======== Supplied material ========

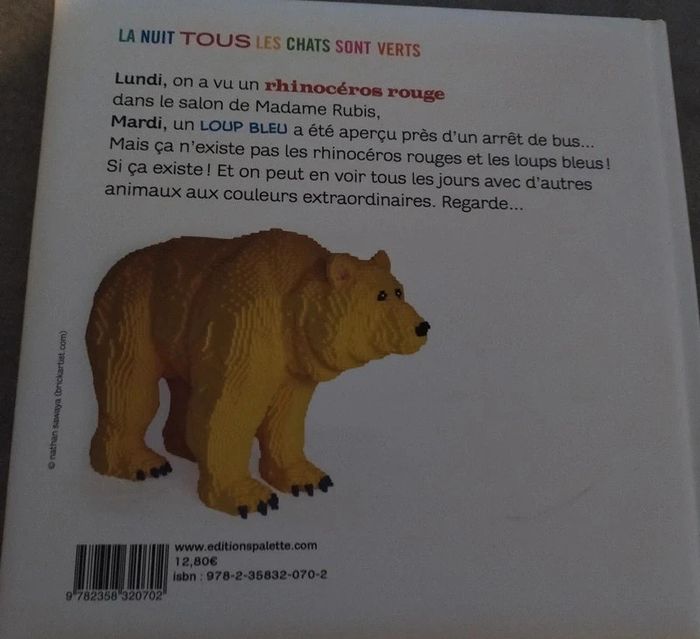 Livre La nuit tous les chats sont verts - photo numéro 4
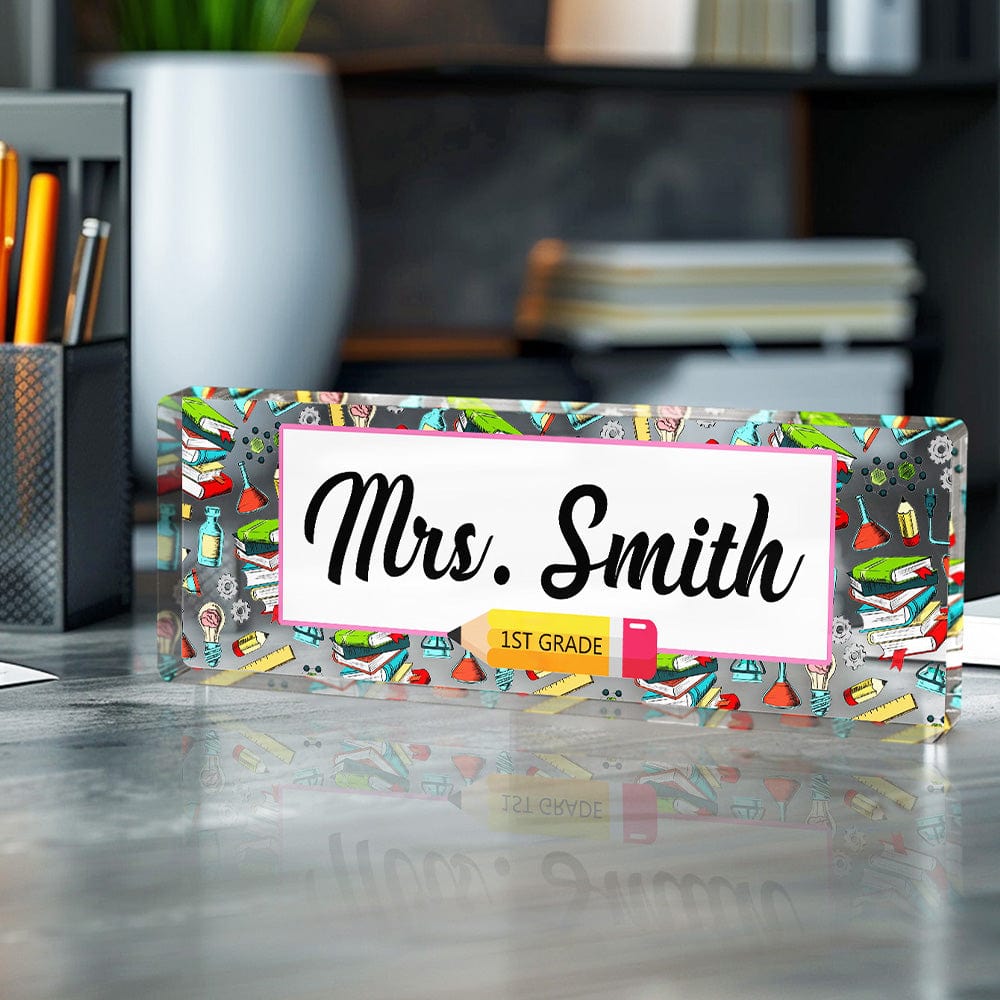Personalized Teacher Desk Name Plate Teacher Gifts - Image 4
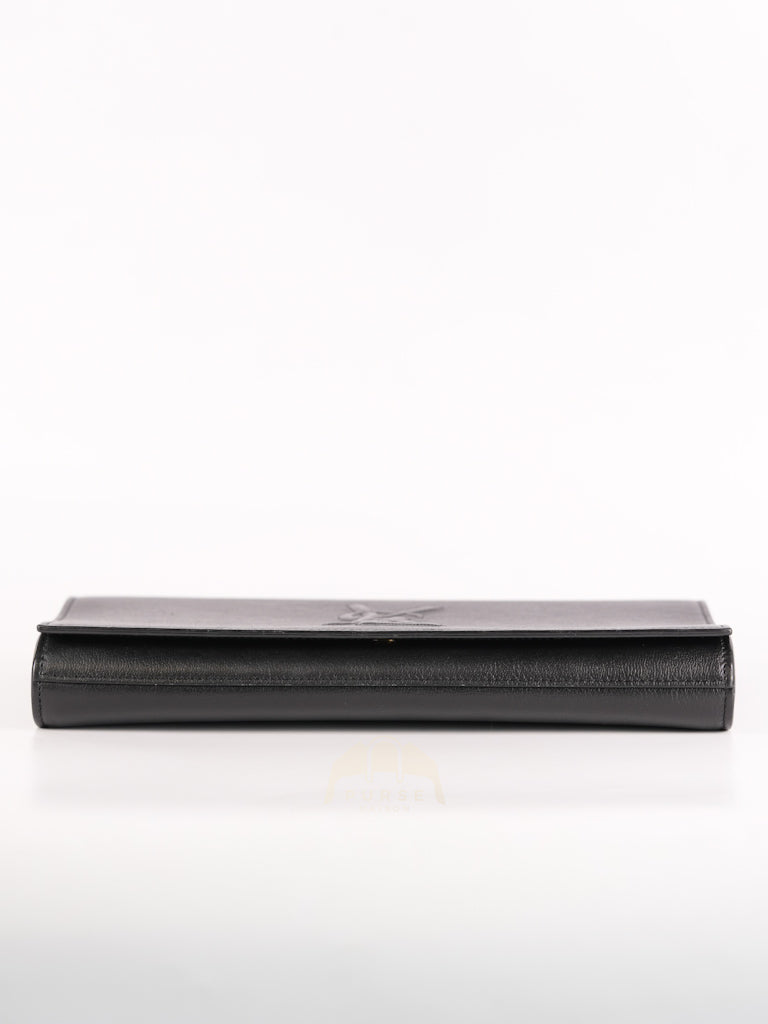 Belle De Jour Clutch Bag in Black Calfskin Leather | Purse Maison Luxury Bags Shop
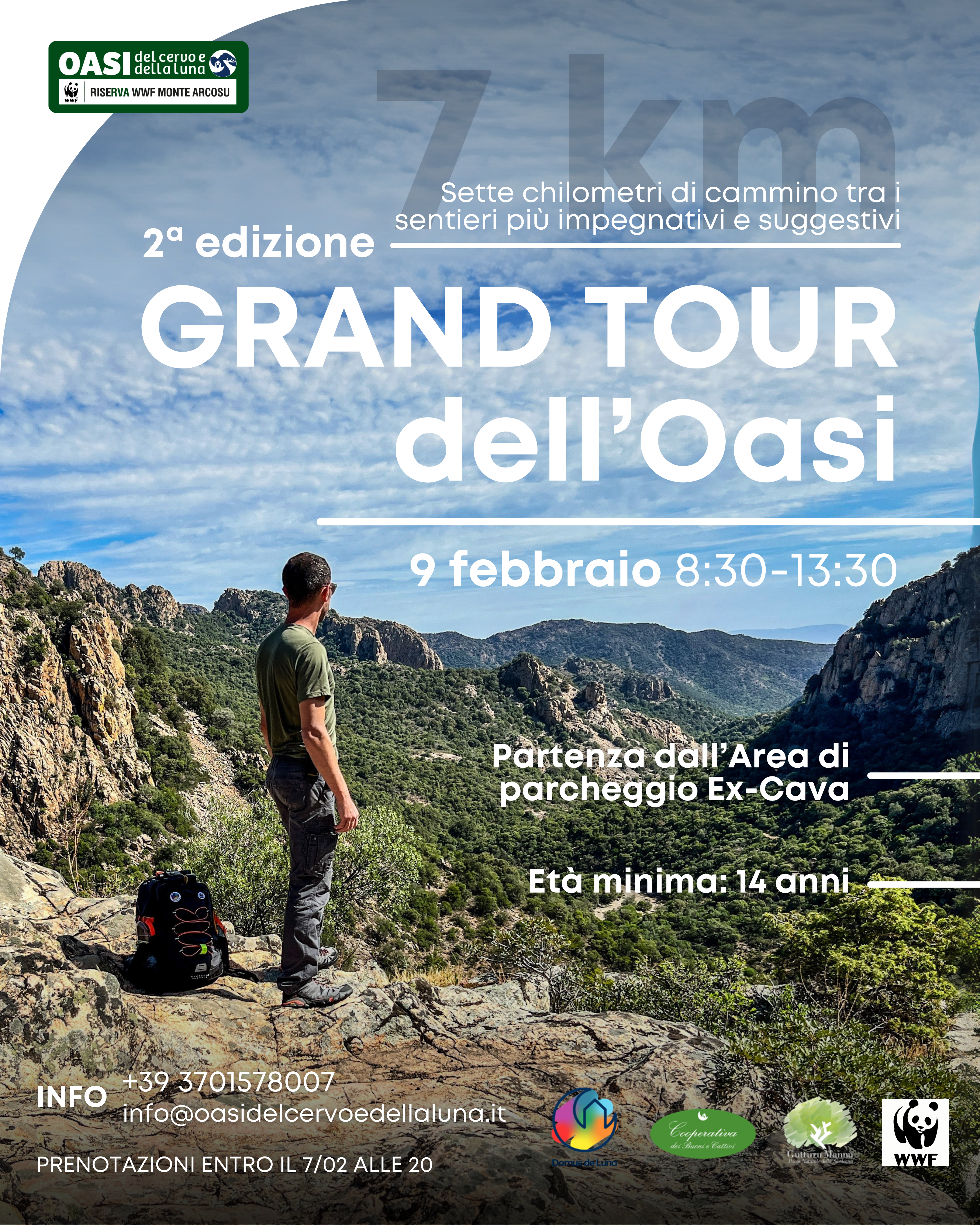 9 febbraio Grand Tour dell'Oasi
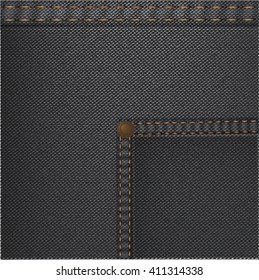 Jeans background, dark gray  
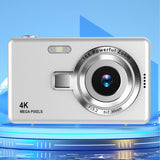 Digital Camera, 1080P HD Photography Supports Up To 48MP Electronic Stabilization 4X Digital CCD V1366-AZ2-W-12372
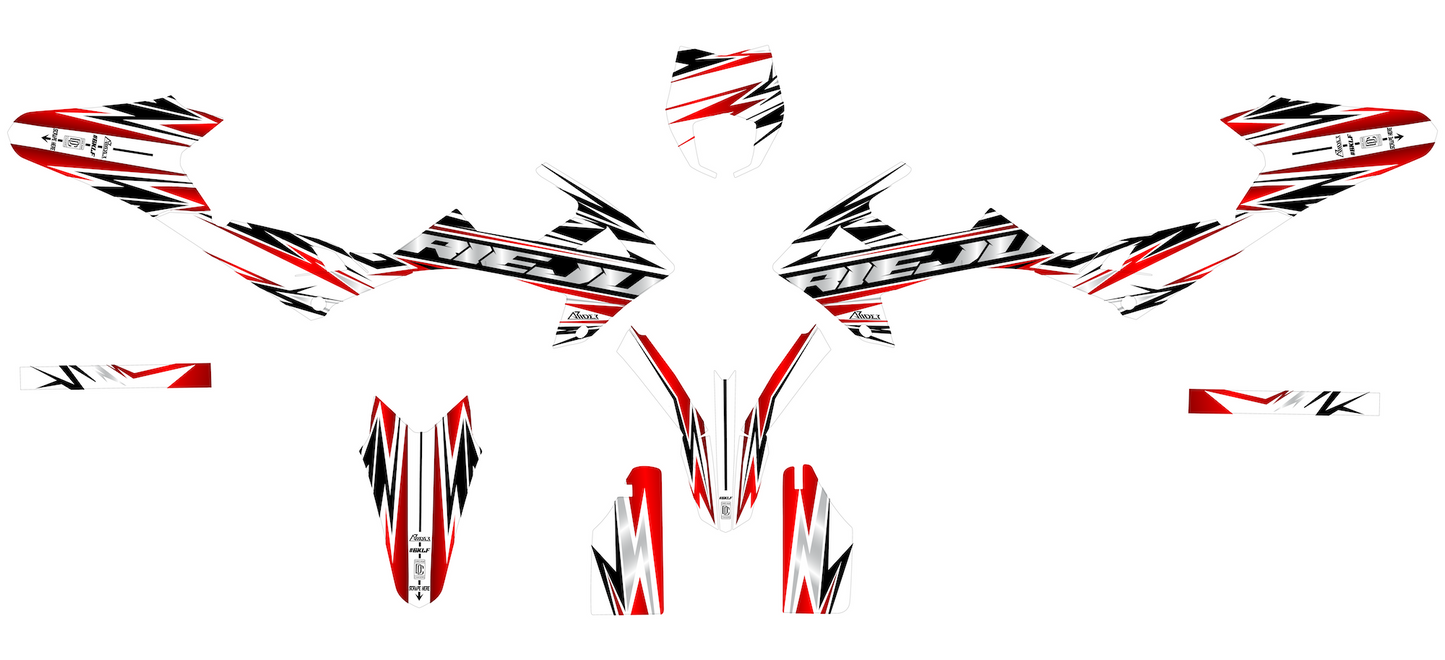 Dekor passend für Rieju MRT 50 / 125 - Luantic Edition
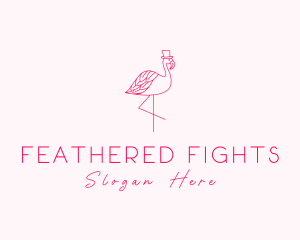 Pink Flamingo Hat logo design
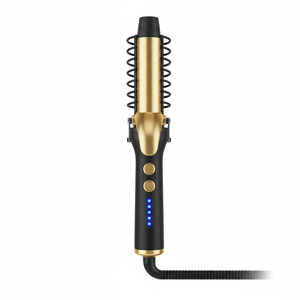 Plancha de Pelo y Rizador de Cerámica Personalizado, Barril de 25 mm, Calor Ajustable, Pantalla LED, Calentador PTC, el Más Vendido para Mujeres - Product Image 1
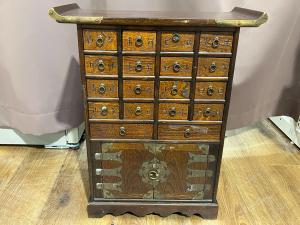 薬箪笥 李朝家具 ブラウン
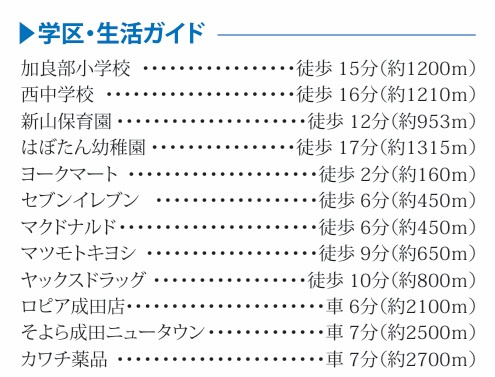 成田市飯田町Ⅳの周辺
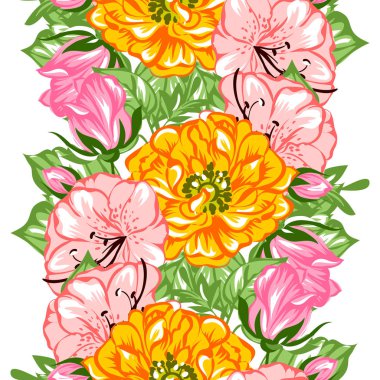 Kusursuz çiçek deseni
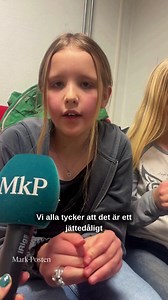 Förslaget om att lägga ner fyra mellanstadier i Marks kommun har resulterat i protestmöten och initiativ för en folkomröstning bland vårdnadshavare. Nu berättar barn i Fotskäl vad de tänker om förslaget. Läs mer i Mark-Postens app 📲 eller på vår sajt 💻 | Mark-Posten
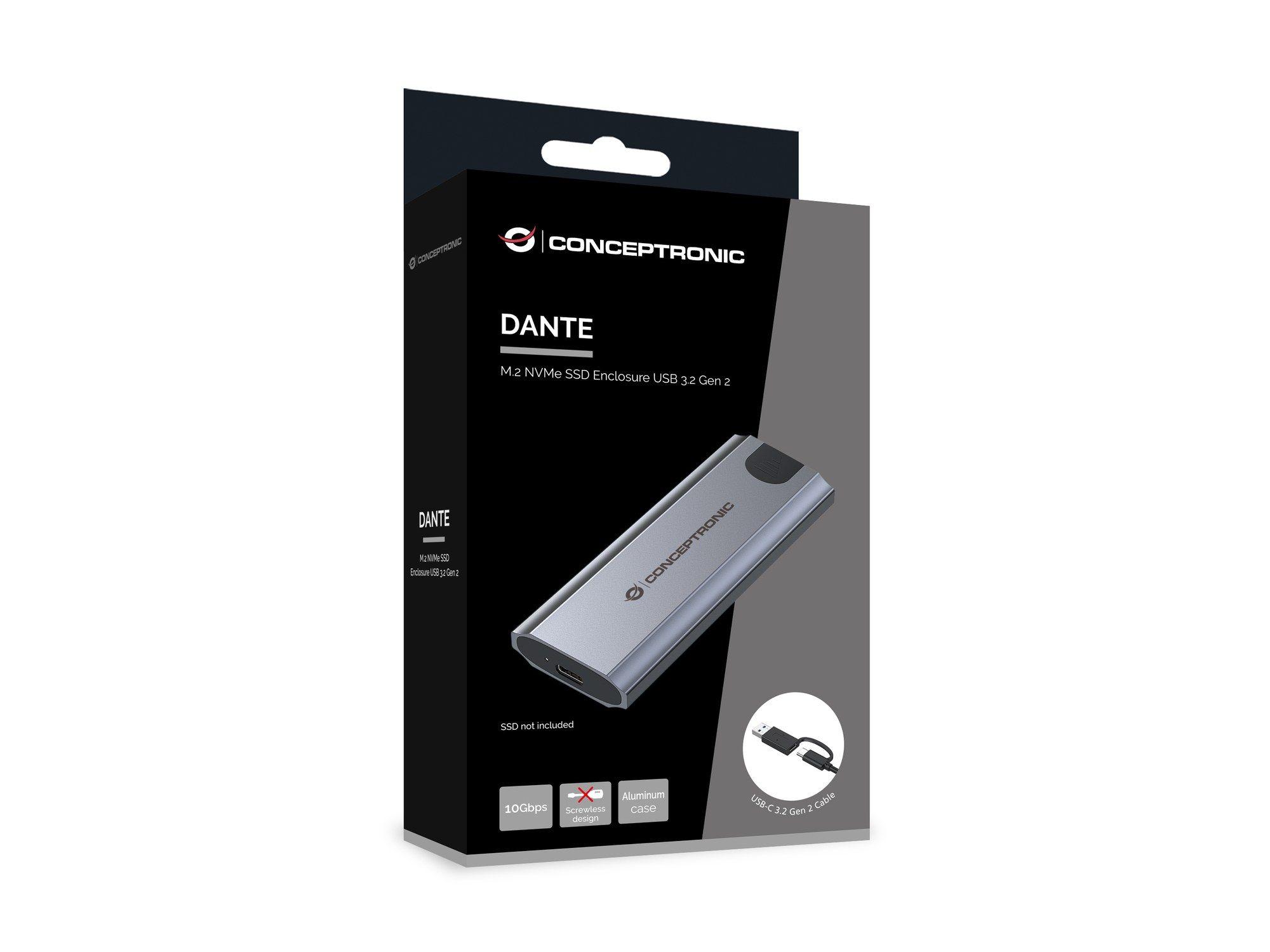 Caixa Externa para SSD M.2 CONCEPTRONIC DANTE05G (M.2 - Cinzento) — miniatura 6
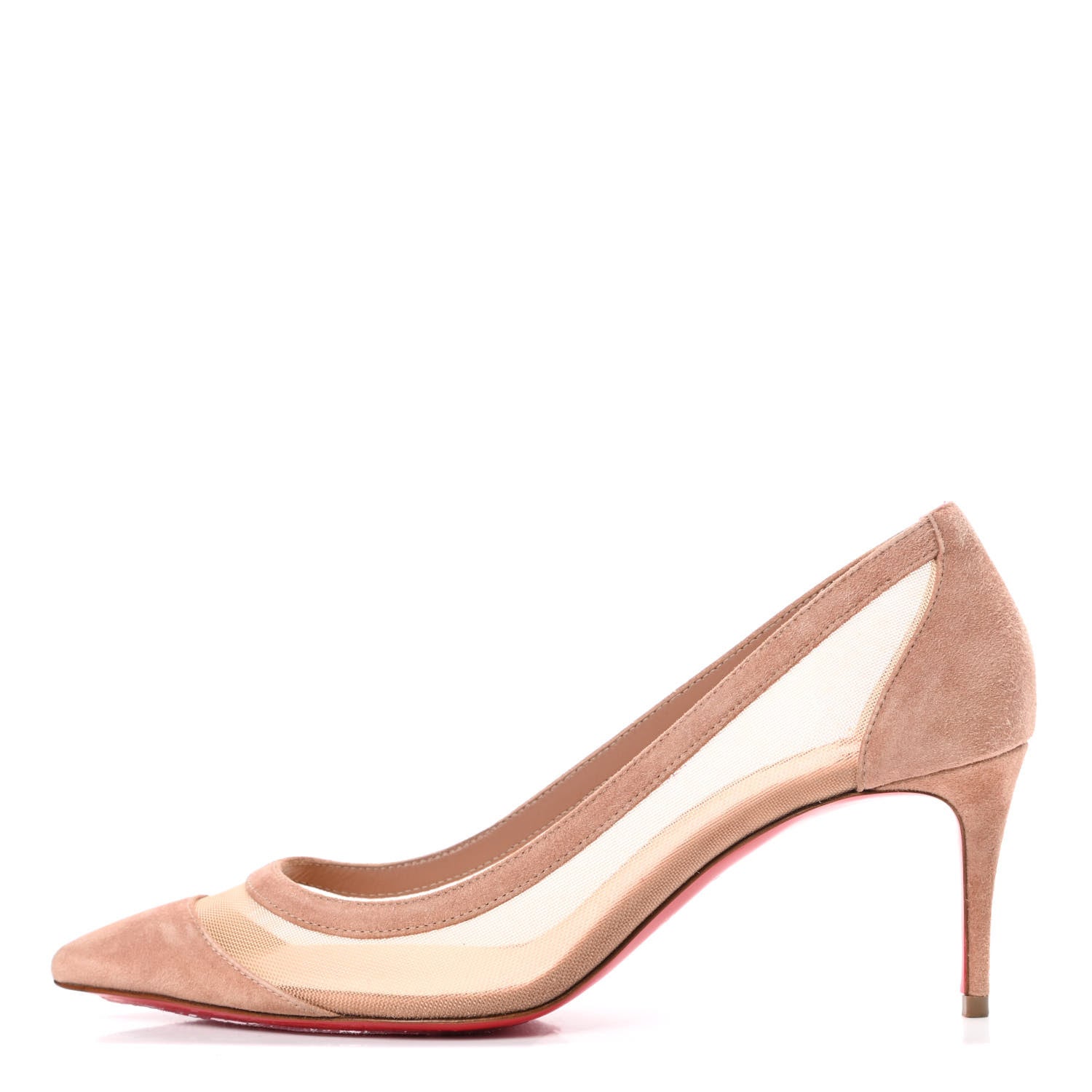 Christian Louboutin Veau Velours Rete Galativi 70 Pumps 36.5 Courtisane 1 of 11
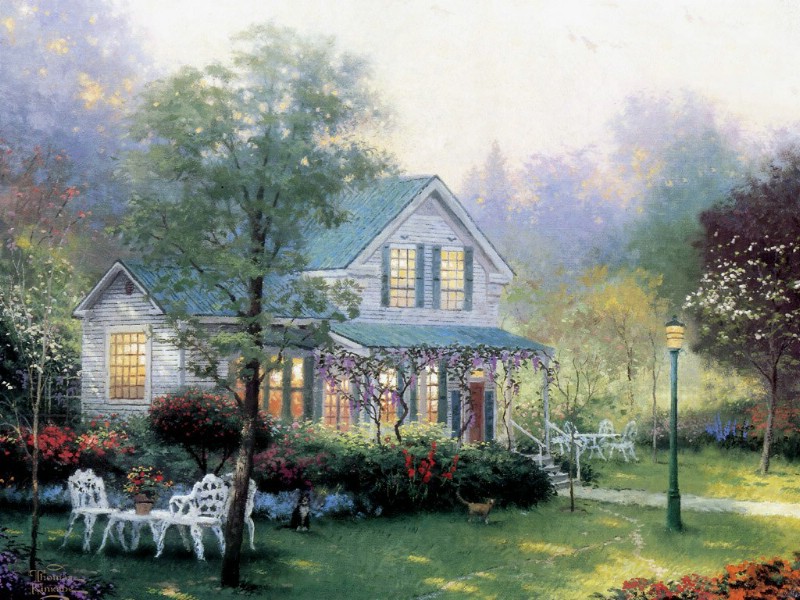 壁纸800x600 诗意田园小屋 美国田园风景油画壁纸壁纸 Thomas Kinkade 温馨田园风景油画系列(第一辑)壁纸 Thomas Kinkade 温馨田园风景油画系列(第一辑)图片 Thomas Kinkade 温馨田园风景油画系列(第一辑)素材 绘画壁纸 绘画图库 绘画图片素材桌面壁纸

========

> **What this task involves**
Your task is to transcribe exactly the lines from the one containing "Plancha de Pelo" through the final line of the entries above, pictures excluded.

> **Answer box**
 Plancha de Pelo y Rizador de Cerámica Personalizado, Barril de 25 mm, Calor Ajustable, Pantalla LED, Calentador PTC, el Más Vendido para Mujeres - Product Image 1
 薬箪笥 李朝家具 ブラウン
 成田市飯田町Ⅳの周辺
 Kusursuz çiçek deseni
 Förslaget om att lägga ner fyra mellanstadier i Marks kommun har resulterat i protestmöten och initiativ för en folkomröstning bland vårdnadshavare. Nu berättar barn i Fotskäl vad de tänker om förslaget. Läs mer i Mark-Postens app 📲 eller på vår sajt 💻 | Mark-Posten
 Caixa Externa para SSD M.2 CONCEPTRONIC DANTE05G (M.2 - Cinzento) — miniatura 6
 Christian Louboutin Veau Velours Rete Galativi 70 Pumps 36.5 Courtisane 1 of 11
 壁纸800x600 诗意田园小屋 美国田园风景油画壁纸壁纸 Thomas Kinkade 温馨田园风景油画系列(第一辑)壁纸 Thomas Kinkade 温馨田园风景油画系列(第一辑)图片 Thomas Kinkade 温馨田园风景油画系列(第一辑)素材 绘画壁纸 绘画图库 绘画图片素材桌面壁纸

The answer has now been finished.